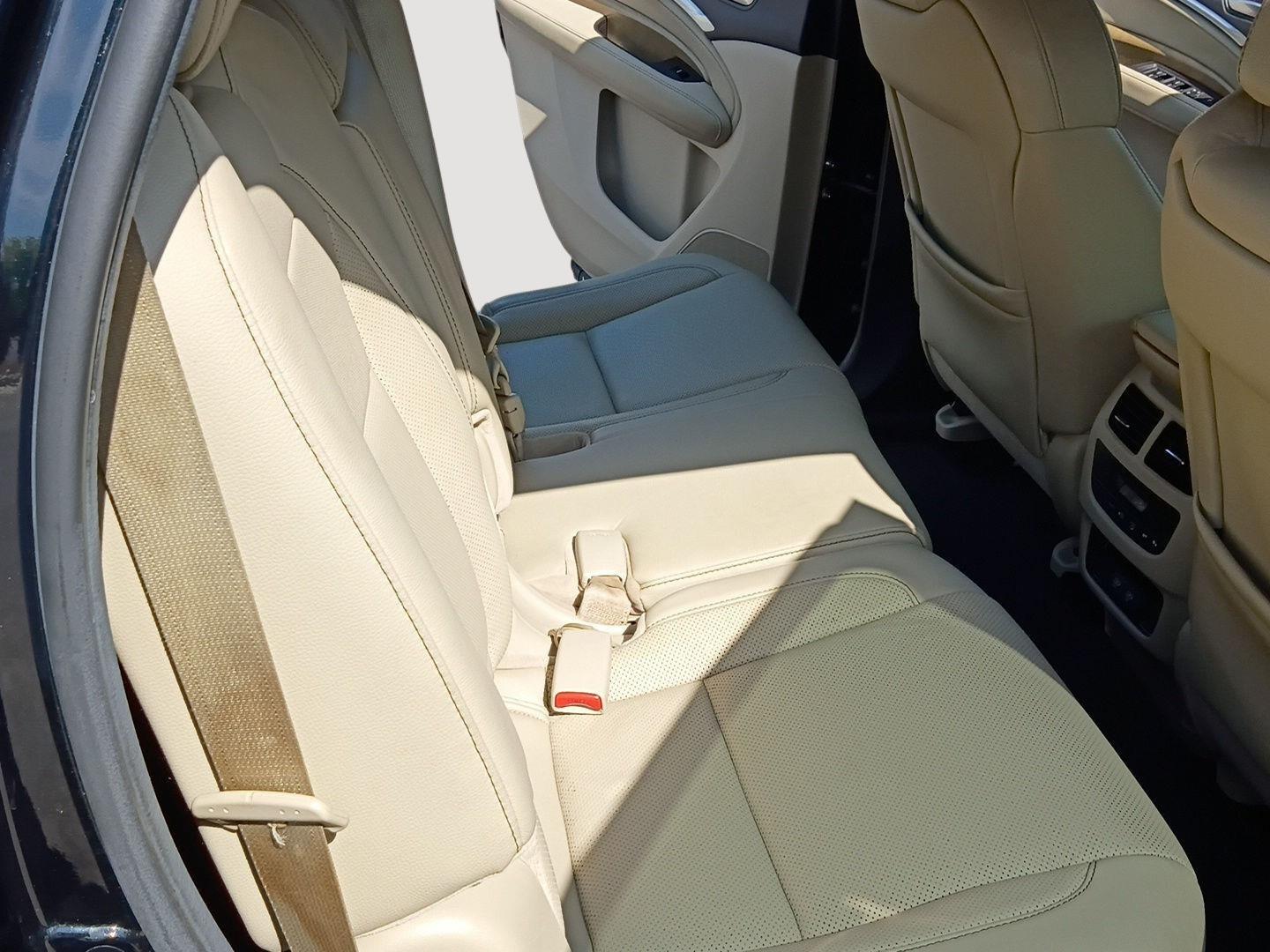 2019 Acura MDX w/Tech - Majestic Black Pearl exterior view 15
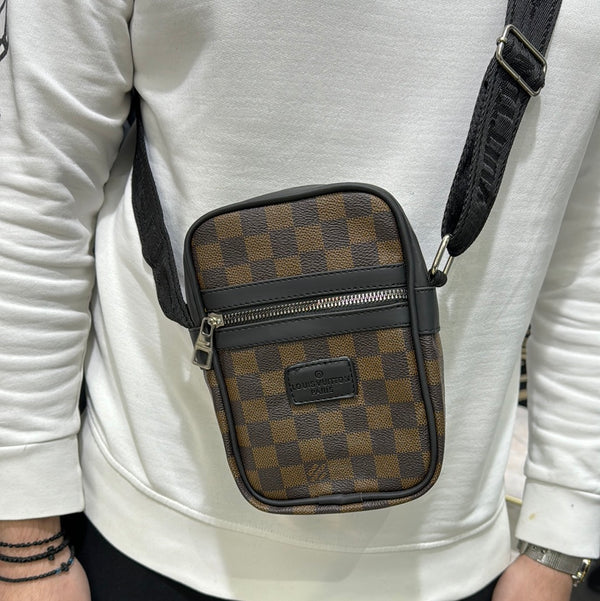 LV - Damier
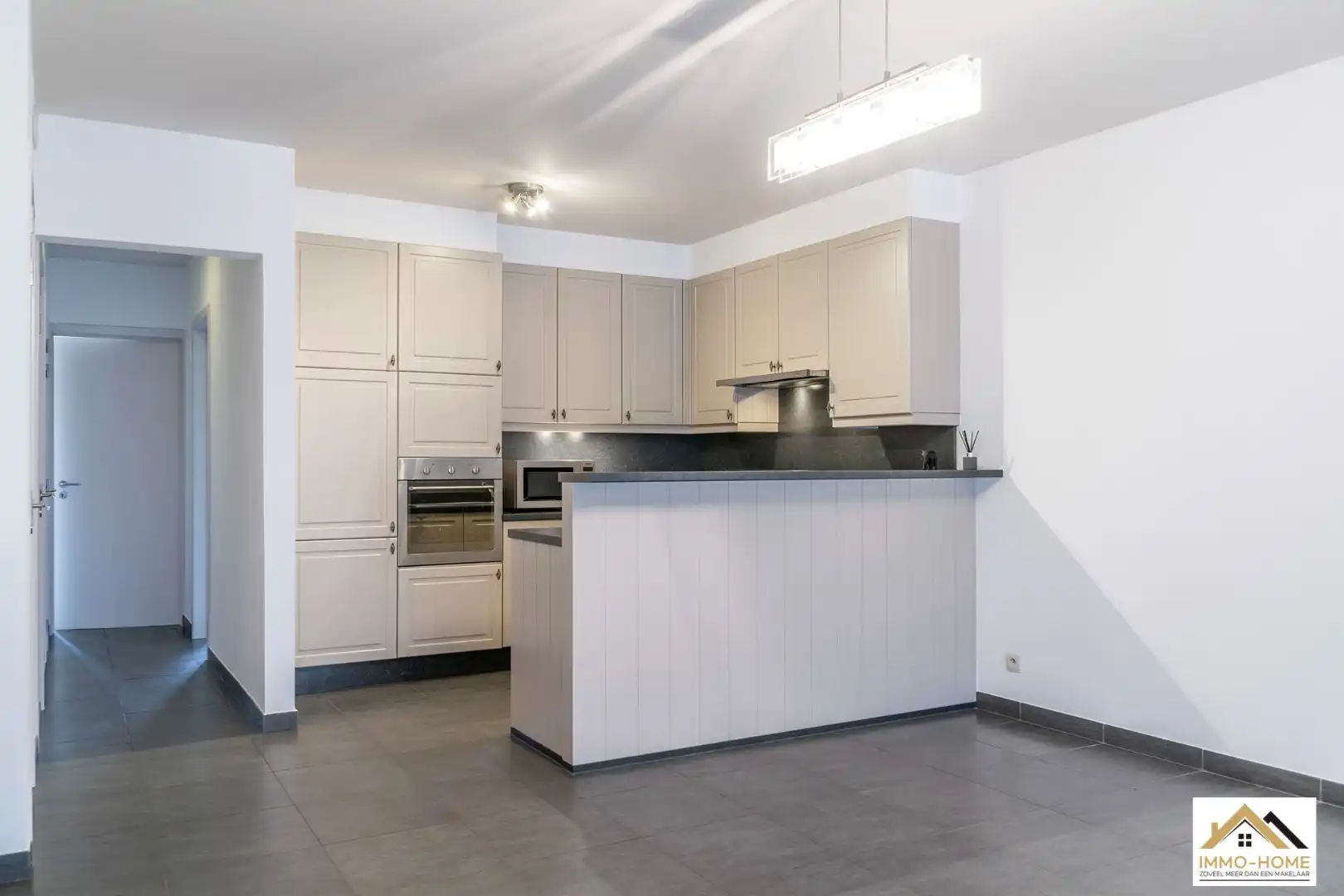 Instapklaar appartement met garage!  foto 3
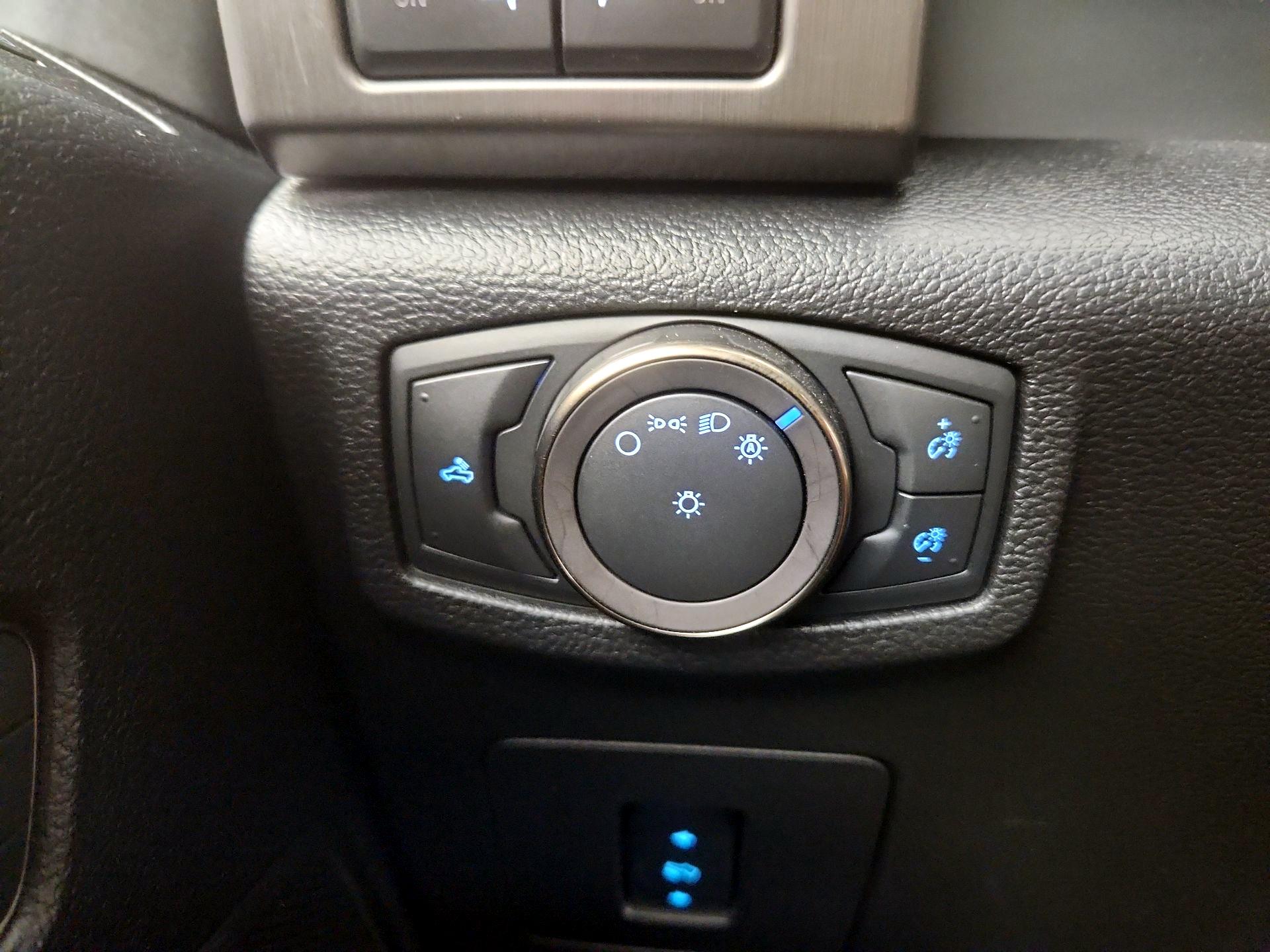 Thumbnail: 2018 Ford F-150 - 13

###

Could you give the listing above again word for word, without any pictures?

 2019 Acura MDX w/Tech - Majestic Black Pearl exterior view 15
 LV - Damier
 Instapklaar appartement met garage!  foto 3
 Thumbnail: 2018 Ford F-150 - 13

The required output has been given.